An hour into the hike, the trail gave way to intimidating switch-backs littered with large boulders and sharp-edged rocks. The easy stroll through the park quickly became a quagmire. With the difficult terrain and the elevation, my breath began to run short, my legs felt sorer and sorer, sweats started to drip into my eyes. I felt my brain getting hot and bloated, eyes irritated by the sweat. Thoughts of giving up started to creep in, little voices whispering at my ears:
“I’ve already came all this way, it is a good enough workout.”
“The weather isn’t that great, the view will probably be washed out. It doesn’t feel it’s worth the effort.”
“I’ve been to the lake before, it is beautiful but not out of the world, I don’t need to put myself through this just to see it again.”
“These boulders are so hard to get through, imagine the pain getting down later.
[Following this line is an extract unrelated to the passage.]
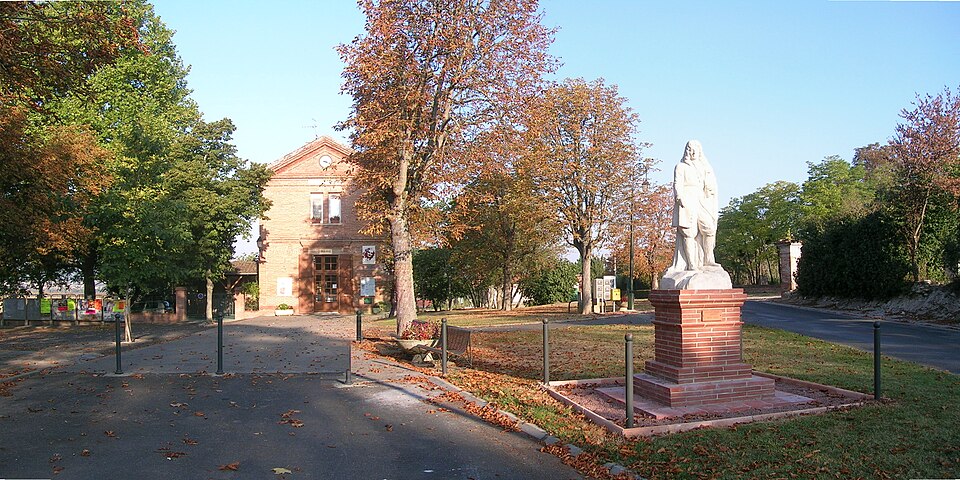 Place de la Mairie Bonrepos — Riquet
Maybe I should just head back.”
“My water supply is running low, maybe I should call it quit.”
I constantly checked the GPS on my phone trying to see how much further the trail goes. The staircase of boulder seemed to go on forever while the blue dot on the map barely moved. I badly wanted to give up, I stopped looking for reasons to continue, but seeking affirmations to turn back.
The barely moving blue dot
Boulder littered switch-backs
I began to take breaks more and more frequently. Finally, I sat down under a piece of shade, staring into the distant mountains, and getting ready to go back. A couple of travelers passed by. They were coming down from the lake. They nodded and smiled, I smiled and nodded back, no words exchanged. Minutes later, I packed up my stuff and resumed my journey to the top. That was the last break I took.
I reached the lake 40 minutes later. Just as I was trying to convince myself to give up, the view was just ok. Without the sun, everything was grey and washed out. Yet, I felt a strong sense of joy anyway. The normally light green lake turned to a deep emerald color, patches of late summer snow were still visible. A few people were fly fishing along the shore. ‘Hah, got one!’ One person shouted suddenly. A beautiful rainbow trout was reeled in, they took a picture with it and let it back into the lake. I circled lake and was on my way home.
Midway is the hardest #
The mid-point of any journey always seems to the toughest. It is a place where we have gone far enough that we think we know what we are doing, but not yet far enough to really see it. In fact, it is a place or time where we are most confused.
Be the wind for someone else #
At the time, I did not know why I continued when I already made up my mind to give up. I only realize later it was that silent encounter with that group of strangers gave that necessary lift.
Although not a word was spoken, the gentle nods and smiles conveyed more than what was neccessary to lift me out of the ‘mid-journey blue’. They were the wind that carried me. I’m sure there are many winds like this in life. It could be an insightful book, a soulful song, a lover’s kiss, a mother’s hug, a father’s tap on the shoulder, or a simple nod from a stranger.
Be someone else’s wind. Either through our work or just our very beings. Small acts of goodness go a long way.
Don’t give up, but it’s not about the destination either #
I came home feeling happy and content that day, not from the lackluster scenery or the less than ‘thrilling’ adventure, but the fact that I did not give up. If we always give up, we won’t know what not giving up taste like. Sometimes, the reward of being persistent is far more enjoyable than the result of persistence.